The state court, in recognition of recent decisions holding that liability coverage in a policy which protects innocent third parties remains in effect irrespective of misrepresentations made to the insurer, concluded that in such circumstances the insurer earns a portion of the premium attributable to liability coverage thus deemed to exist. Nonetheless, in the case sub judice defendant did not show what particular portion of the premiums paid by plaintiff were attributable to the liability coverage on the Porsche.

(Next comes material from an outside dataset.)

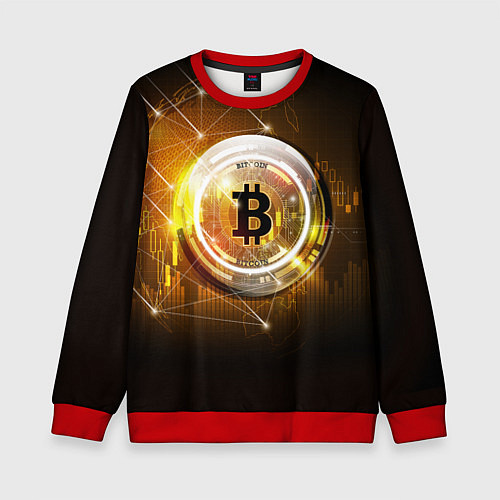 Детский свитшот КРИПТОВАЛЮТА БИТКОИН / 3D-Красный – фото 1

The state court being unable to determine whether defendant properly returned all unearned premiums to plaintiff sought to avoid submitting the remaining issues of fact to a jury by conditioning the grant of summary judgment in favor of defendant upon defendant's return to plaintiff of all premiums paid by plaintiff for the policy on the Porsche. Although the record suggests that the defendant has complied with the conditional aspect of the state court's order by returning the balance of plaintiff's payments for the Porsche policy, we do not view such an untimely gesture as sufficient to alter the posture of the parties involved in this litigation. "If a party to a contract seeks to avoid it on the ground of fraud or mistake, he must, upon discovery of the facts, at once announce his purpose and adhere to it. Otherwise, he can not avoid or rescind such contract." Gibson v. Alford, 161 Ga. 672, 673 (5) (132 SE 442). See also Precision Label Indus. v. Jones, 185 Ga. App. 161, 162 (1) (363 SE2d 605); Corbitt v. Harris, 182 Ga. App. 81, 82 (354 SE2d 637). Therefore, genuine issues of material fact remain which must be resolved in order to determine whether the case sub judice falls within the principles stated in Loeb v. Nationwide Mut. &c. Ins. Co., 162 Ga. App. 561, supra, and its progeny.

Judgment reversed. Carley, C. J., and Beasley, J., concur.